Only one member of Congress had a son who saw combat in Vietnam. No member has a child in Iraq. Lyndon Johnson was in World War II but managed to stay well away from combat. Bush avoided Vietnam, as did Paul Wolfowitz, as did Dick Cheney who secured three deferments for himself. The upper class enclaves of Chevy Chase, La Jolla, Greenwich or Grosse Point weren’t the manpower bases for Vietnam, nor are they for Iraq.
Vietnam had no front lines. The enemy could be a village farmer by day, a Viertcong AK fighter by night. Iraq has no front lines. Anyone could be a suicide bomber, including, as of late, donkeys. Where is the enemy? Bush claims to know: “Iraq is a front. Turkey is a front. Anywhere the terrorists think they can strike is a front.” In Vietnam, civilians were killed because they might have been the enemy. It is happening in Iraq.
Lyndon Johnson vowed to stay the course in Vietnam. On Jan. 12, 1967, he told Congress: “I wish I could report to you that the conflict is almost over. This I cannot do. We face more costs, more loss and more agony… Our adversary still believes that he can go on fighting longer than we can.” From Donald Rumsfeld on July 14: “Are more people going to be killed? You bet.” That was 12 days after Bush said “bring ‘em on. We got the force necessary.” Bush on Nov. 16: “We’re not leavin’ til the job is done.” Blustery talk never shapes events, no more than superior military firepower assures staying power. If it did, Vietnam wouldn’t be a communist nation today, and democracy in Iraq wouldn’t be a fuzzy dream.

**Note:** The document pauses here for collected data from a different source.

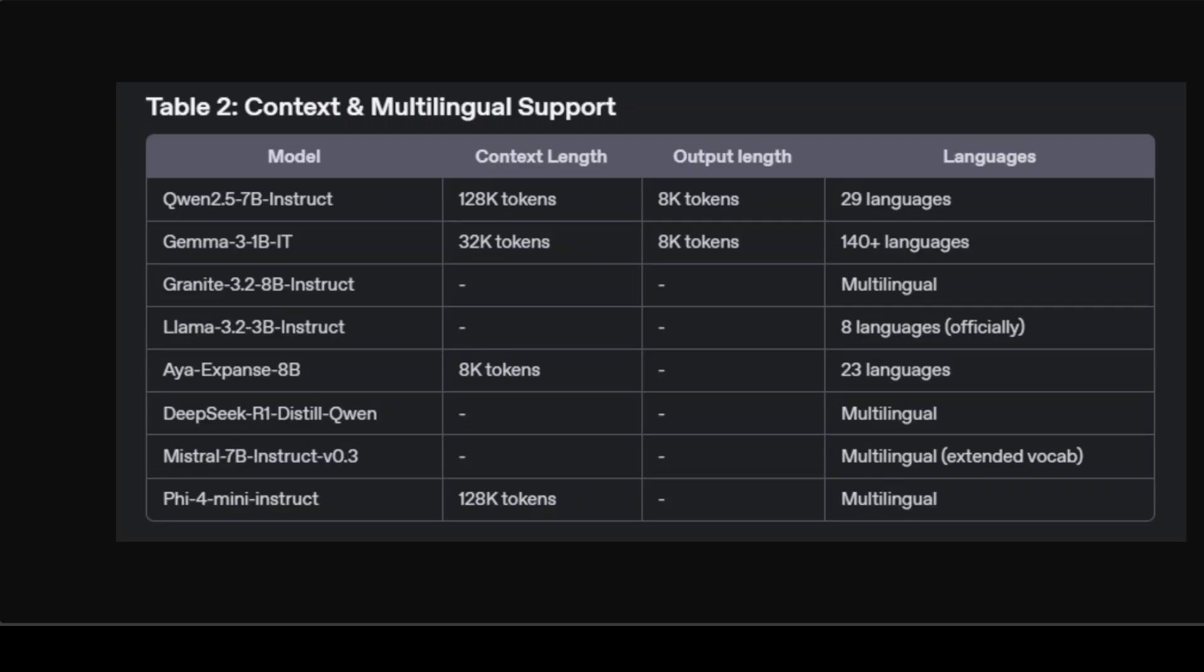Meta Llama 3.2 officially supports 8 main languages and is ideal where multilingual needs are limited to a particular set of languages yet robust dialogue optimization is required. Models without explicitly listed context such as Granite or DeepSeek still manage industry standard around 2 to 8K tokens, sufficient for typical use cases like dialogue systems and basic instruction following tasks.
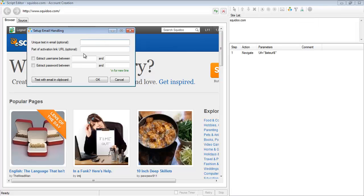Now it's really simple to set up email handling in SE Nuke. All you have to do is tell SE Nuke how to extract the username and the password from the email.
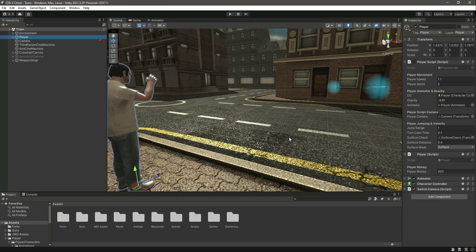Hello guys, welcome back. In this video we will allow the player to pick up any rifle, and according to that rifle's price we will deduct money from the player's bank account, or you can say from the player money variable.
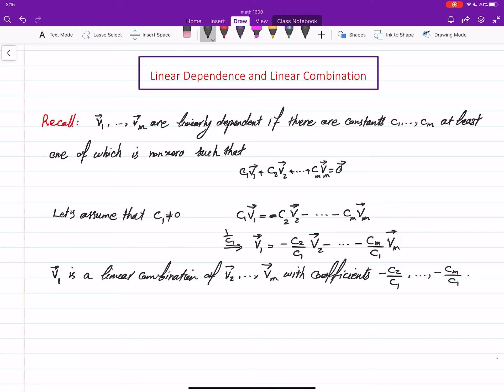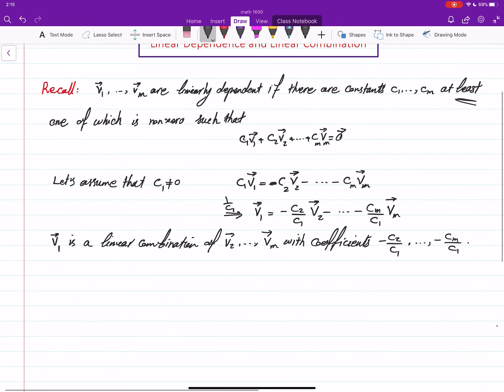What this shows is that V1 is a linear combination of V2 through Vm, with coefficients −C2/C1 up to −Cm/C1. And actually this is not only for C1 — any of these coefficients which are non-zero means that the corresponding vector can be written as a linear combination of the others. Since at least one coefficient is non-zero, you can always write at least one vector as a linear combination of the others.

During Vietnam, Robert McNamara had deep doubts in private about the war he was championing publicly. How many people on both sides died because of this duplicity? It can only be guessed. It can only be guessed, too, what the current McNamaras—Cheny, Wolfowitz, Rice, Powell—are thinking, now that the messy reality of war intrudes on the neatness of think tank position papers that called for Operation Iraqi Freedom. Stick around for the inevitable memoirs.